> **Task brief**: Would you please return only the lines from the one with "QR Code for" through the last line of the records below, leaving the pictures out?

[Brief descriptive captions]
□ □ □ □
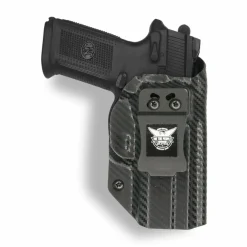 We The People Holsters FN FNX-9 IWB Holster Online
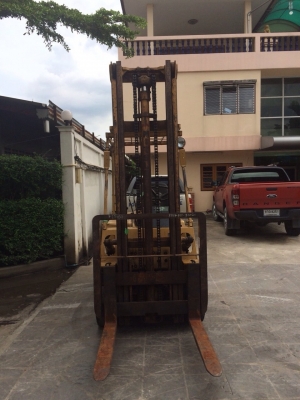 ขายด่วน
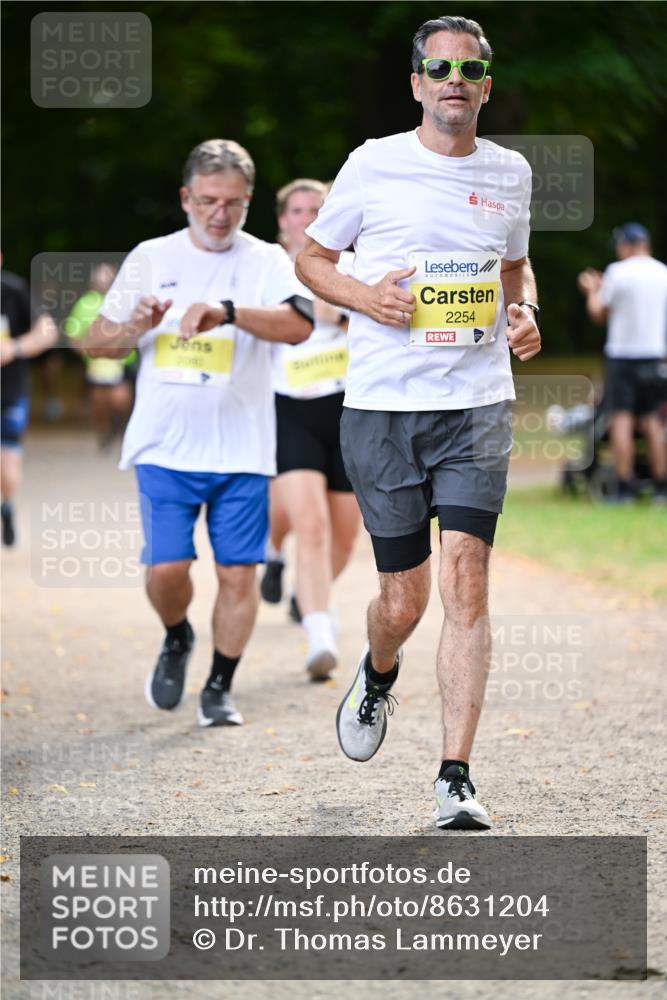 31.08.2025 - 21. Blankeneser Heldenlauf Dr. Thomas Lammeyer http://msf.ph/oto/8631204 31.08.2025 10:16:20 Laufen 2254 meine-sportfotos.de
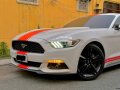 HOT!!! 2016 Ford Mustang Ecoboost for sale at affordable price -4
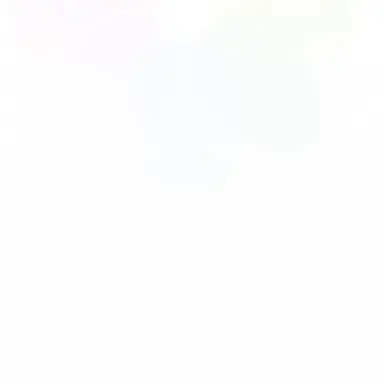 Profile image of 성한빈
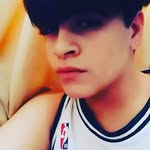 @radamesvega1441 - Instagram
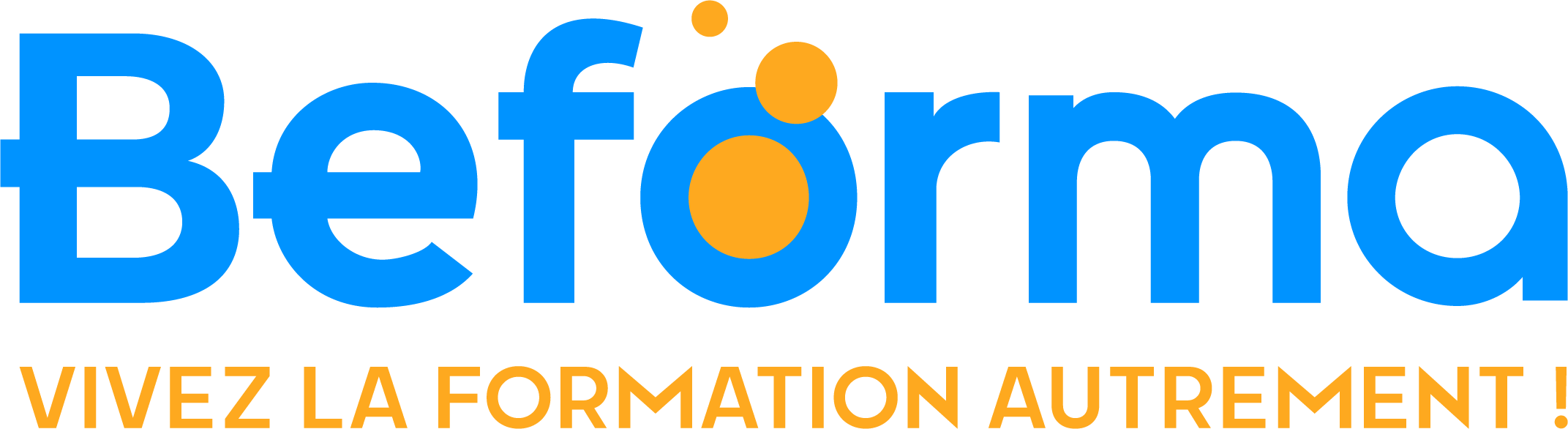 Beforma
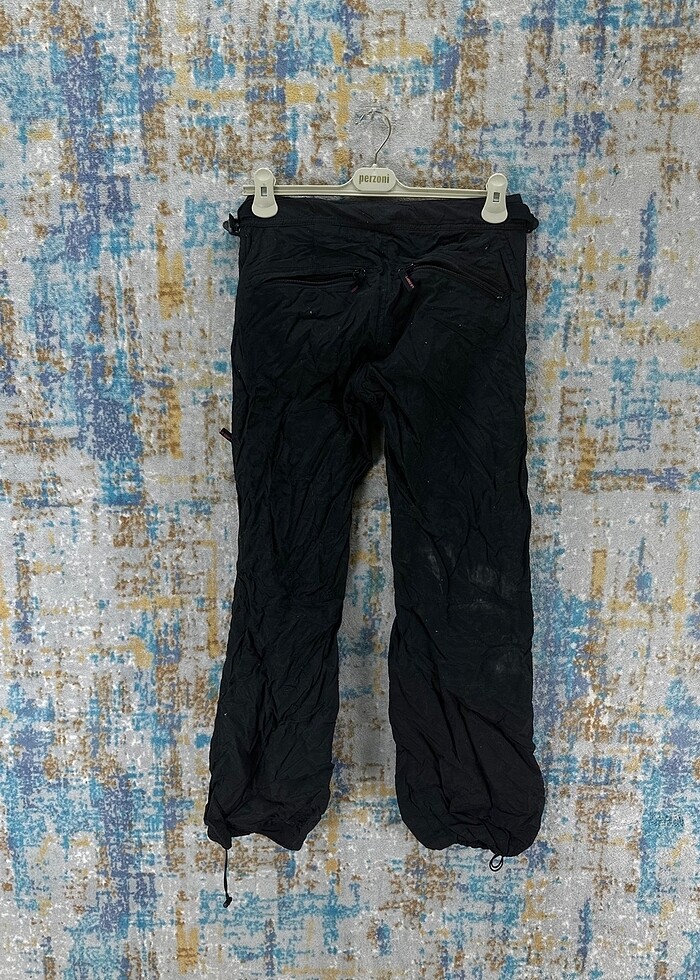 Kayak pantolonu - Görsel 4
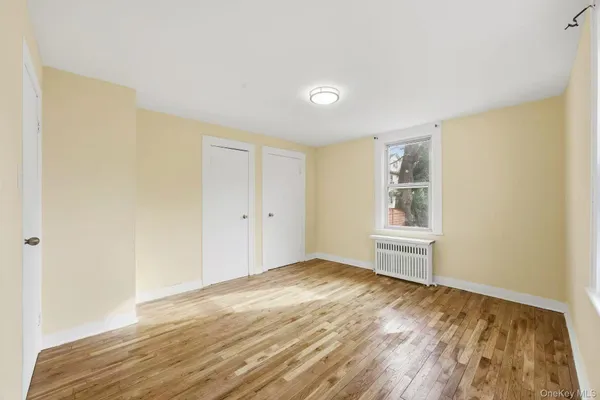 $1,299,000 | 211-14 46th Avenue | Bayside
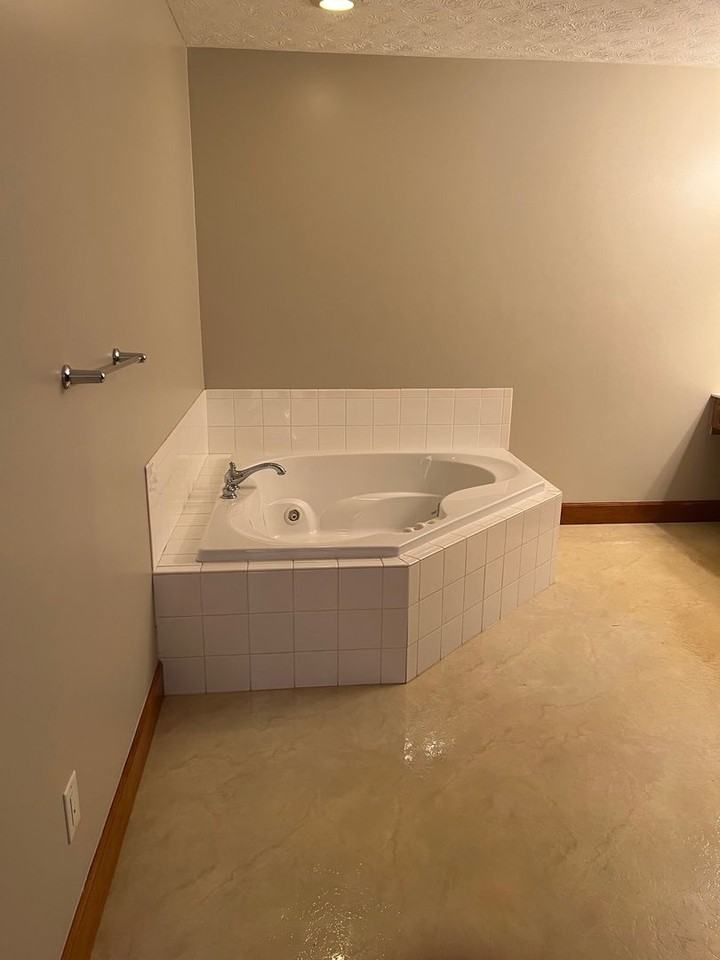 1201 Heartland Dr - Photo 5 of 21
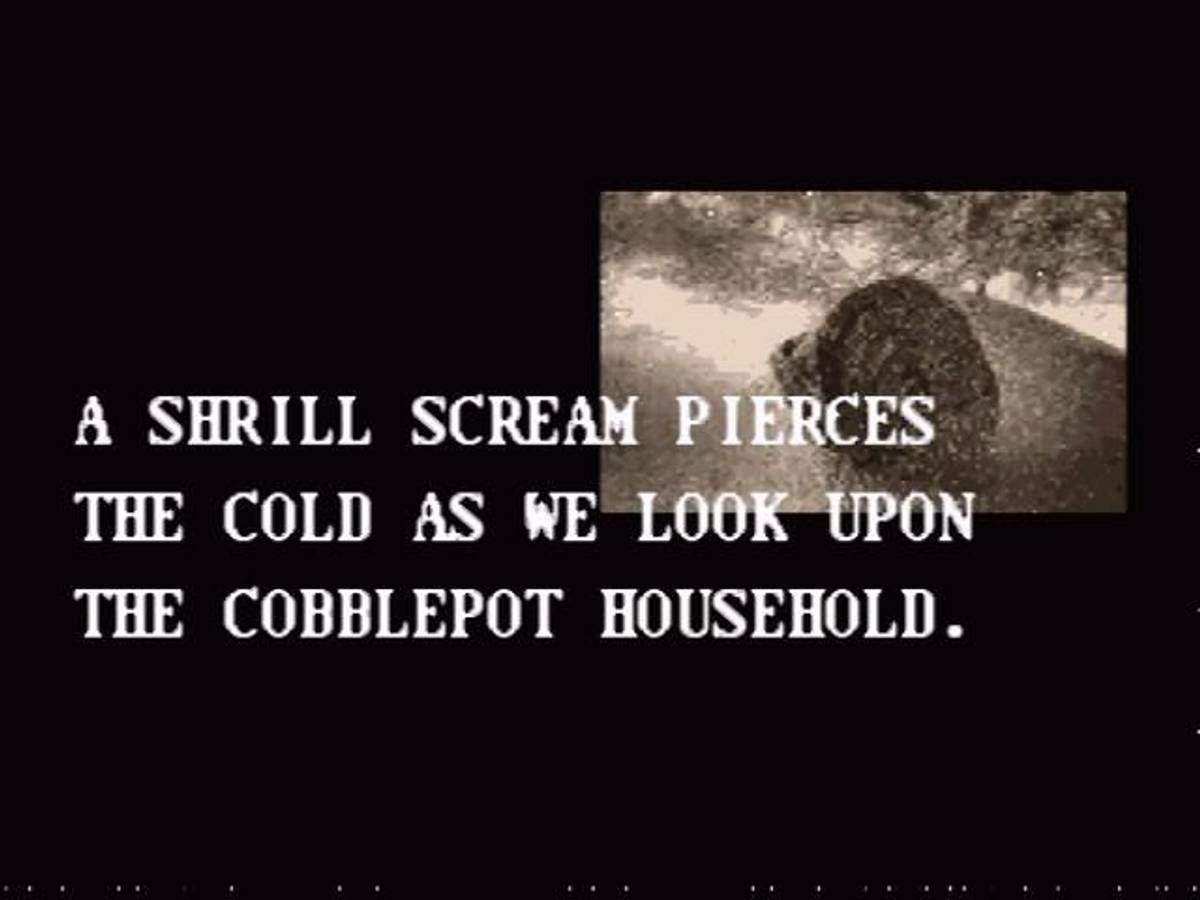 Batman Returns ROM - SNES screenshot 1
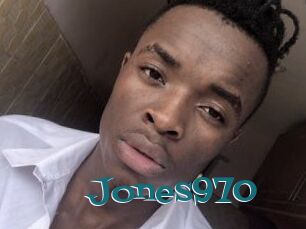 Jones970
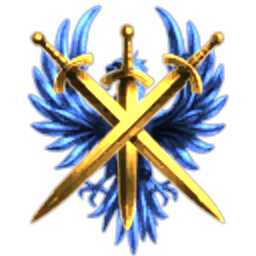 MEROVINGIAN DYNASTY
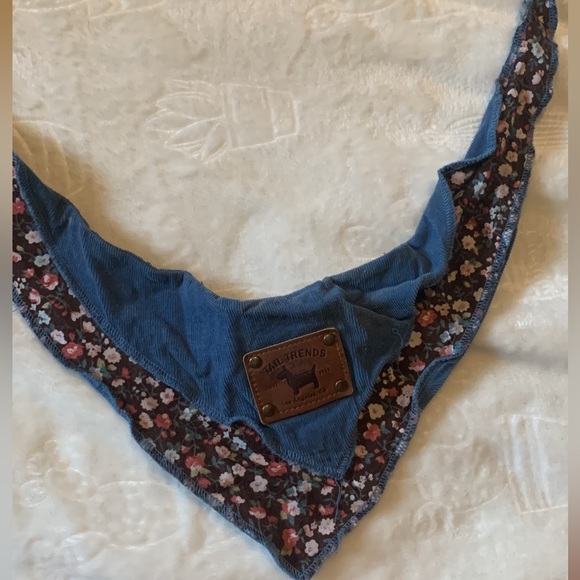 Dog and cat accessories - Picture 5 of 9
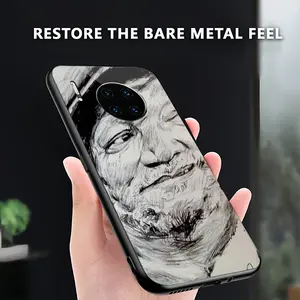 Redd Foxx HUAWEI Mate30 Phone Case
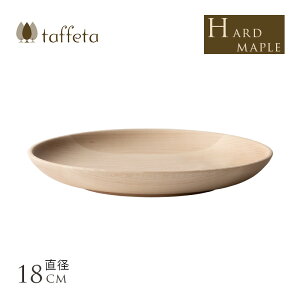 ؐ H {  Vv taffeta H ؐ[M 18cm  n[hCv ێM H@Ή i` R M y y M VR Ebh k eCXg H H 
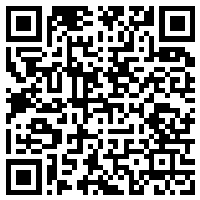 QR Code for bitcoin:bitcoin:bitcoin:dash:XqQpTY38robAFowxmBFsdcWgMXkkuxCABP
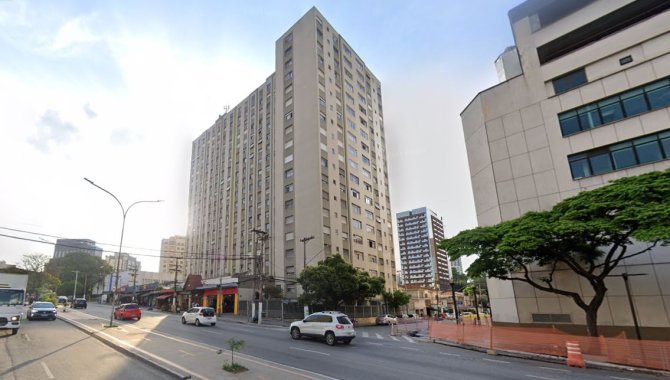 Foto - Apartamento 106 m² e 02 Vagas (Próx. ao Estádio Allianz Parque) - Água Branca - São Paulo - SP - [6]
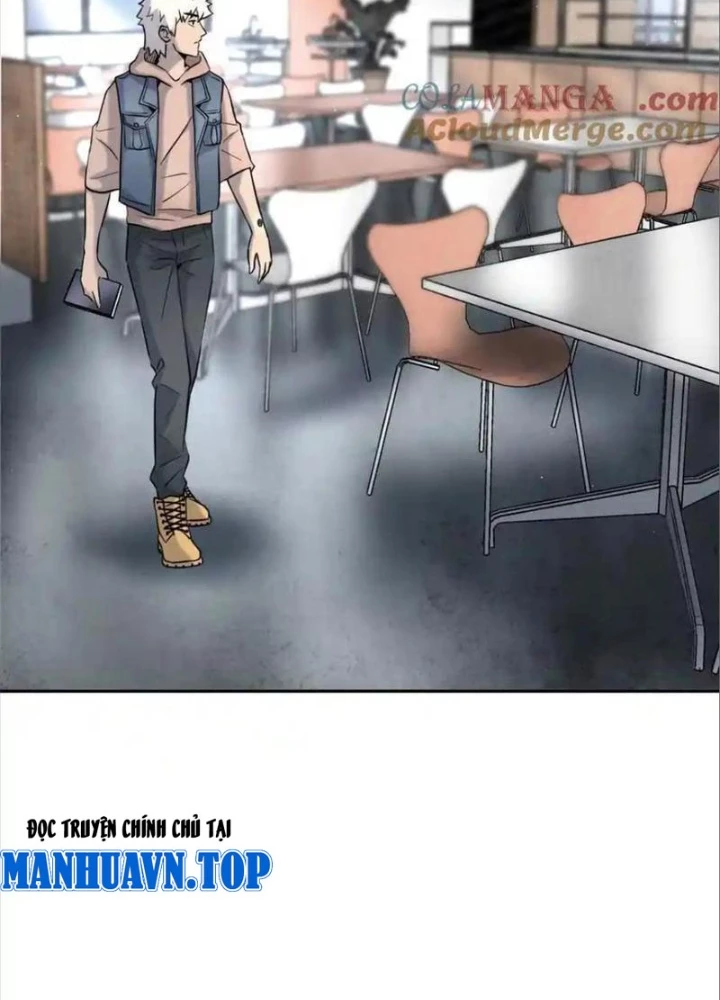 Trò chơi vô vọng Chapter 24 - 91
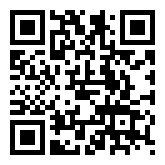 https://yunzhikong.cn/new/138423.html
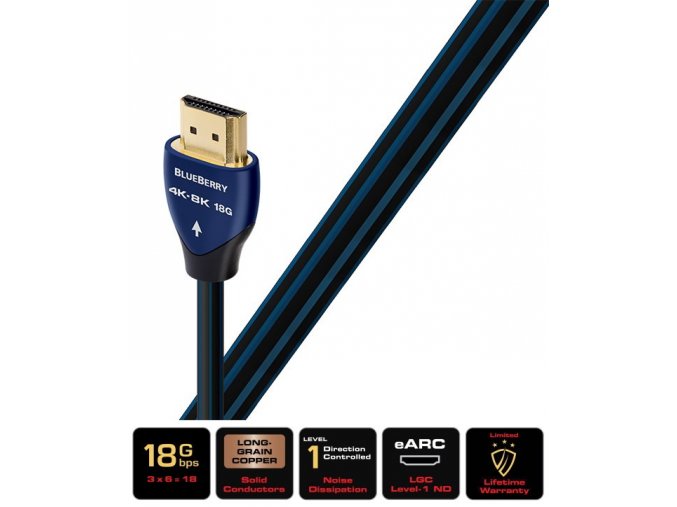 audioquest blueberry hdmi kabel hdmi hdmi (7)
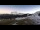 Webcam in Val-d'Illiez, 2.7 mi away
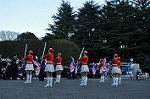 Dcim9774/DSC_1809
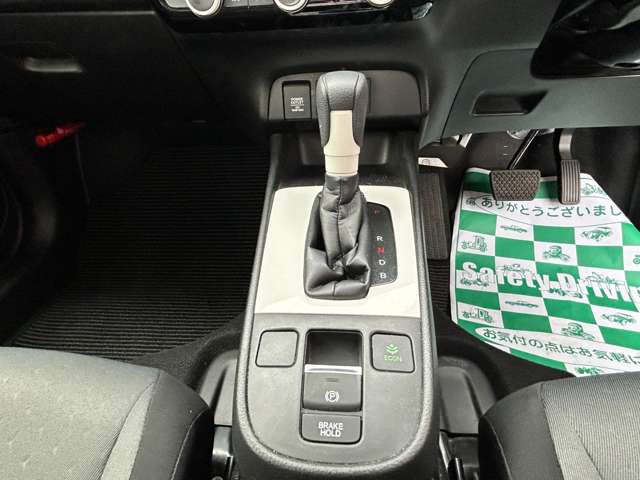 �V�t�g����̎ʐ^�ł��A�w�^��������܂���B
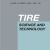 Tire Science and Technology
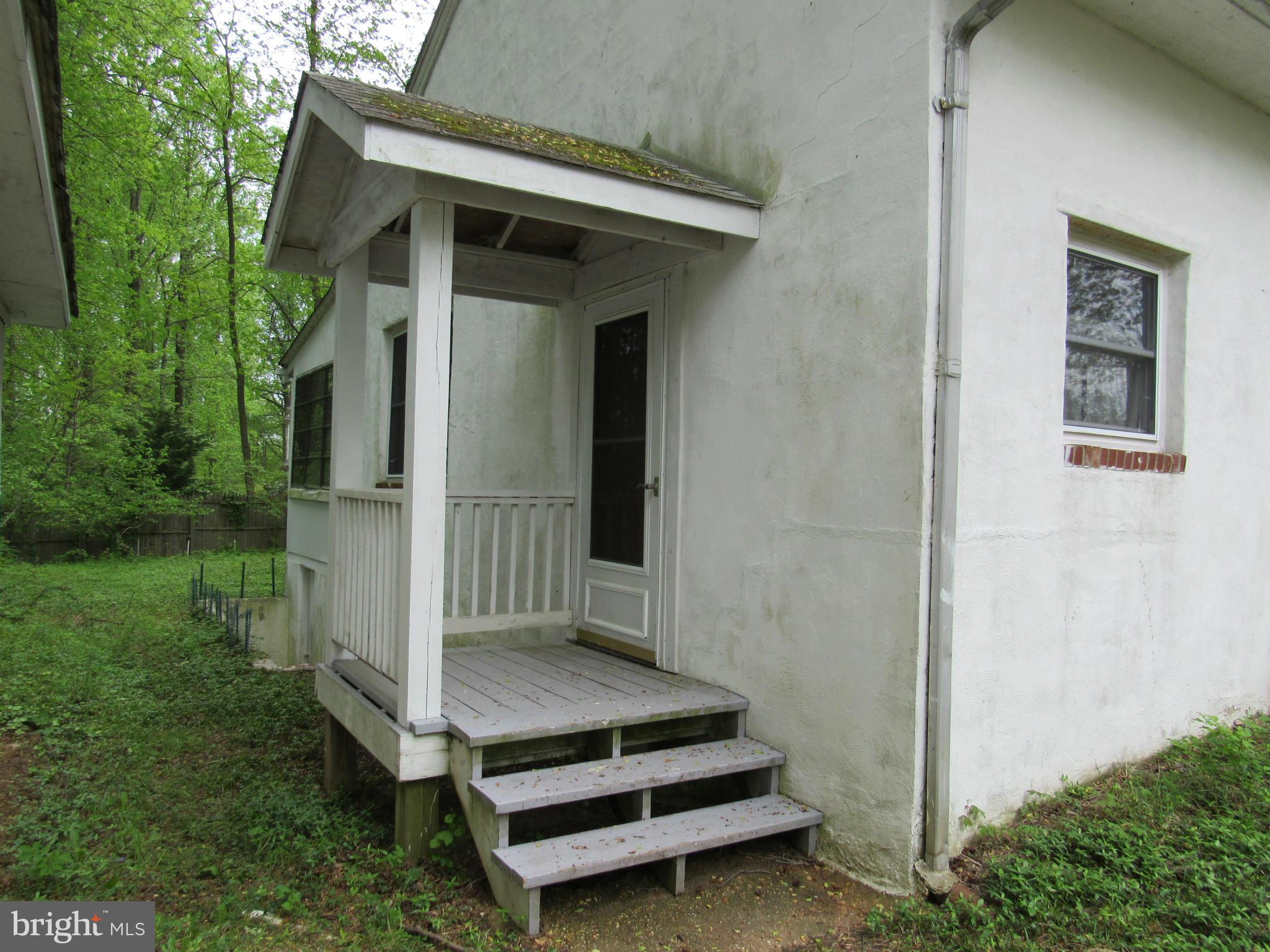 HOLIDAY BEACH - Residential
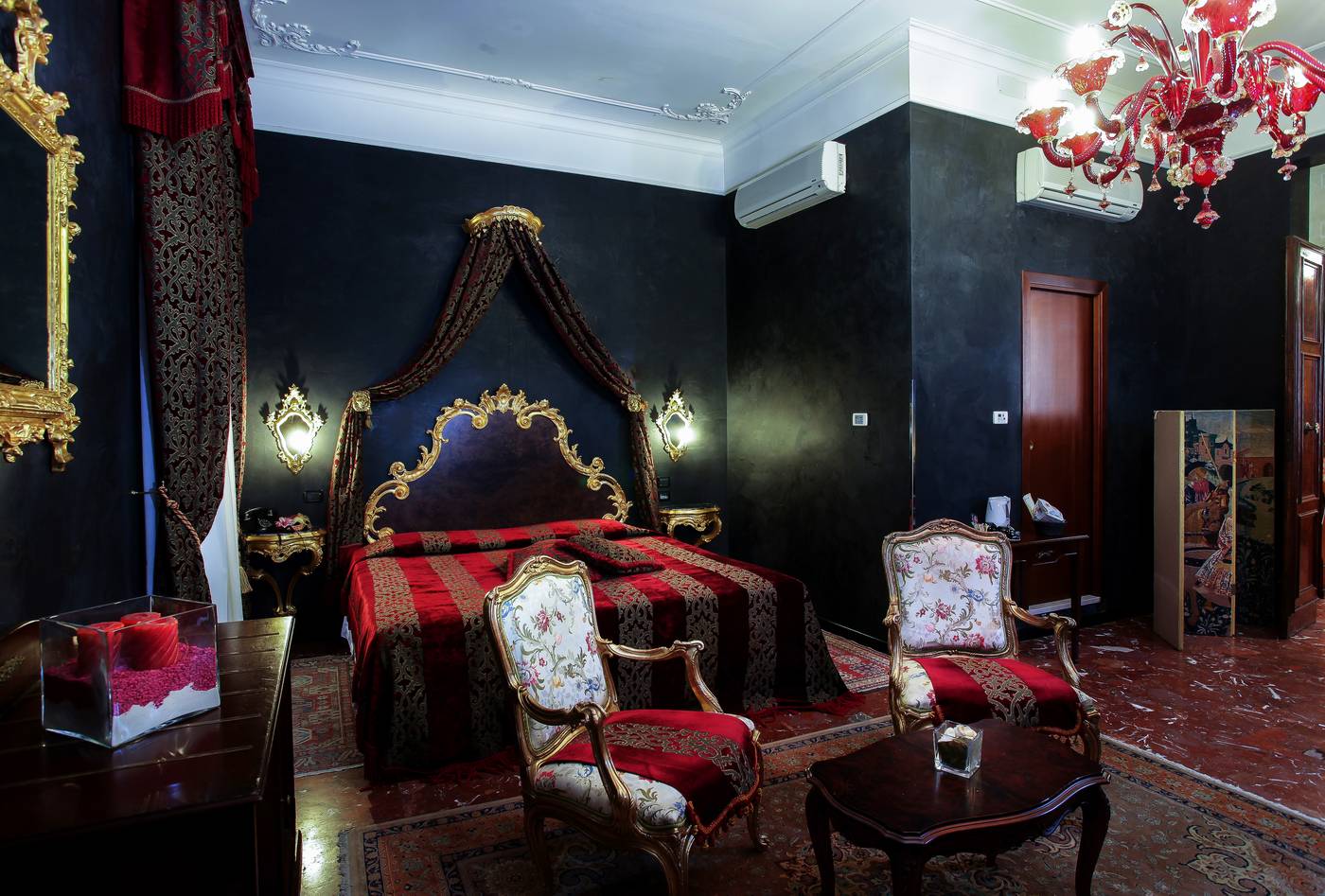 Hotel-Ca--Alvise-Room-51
□ □ □ □
> **Answer below**:
 QR Code for bitcoin:bitcoin:bitcoin:dash:XqQpTY38robAFowxmBFsdcWgMXkkuxCABP
 Foto - Apartamento 106 m² e 02 Vagas (Próx. ao Estádio Allianz Parque) - Água Branca - São Paulo - SP - [6]
 Trò chơi vô vọng Chapter 24 - 91
 https://yunzhikong.cn/new/138423.html
 audioquest blueberry hdmi kabel hdmi hdmi (7)
 Webcam in Val-d'Illiez, 2.7 mi away
 Dcim9774/DSC_1809
 �V�t�g����̎ʐ^�ł��A�w�^��������܂���B
 Tire Science and Technology
 HOLIDAY BEACH - Residential
 Hotel-Ca--Alvise-Room-51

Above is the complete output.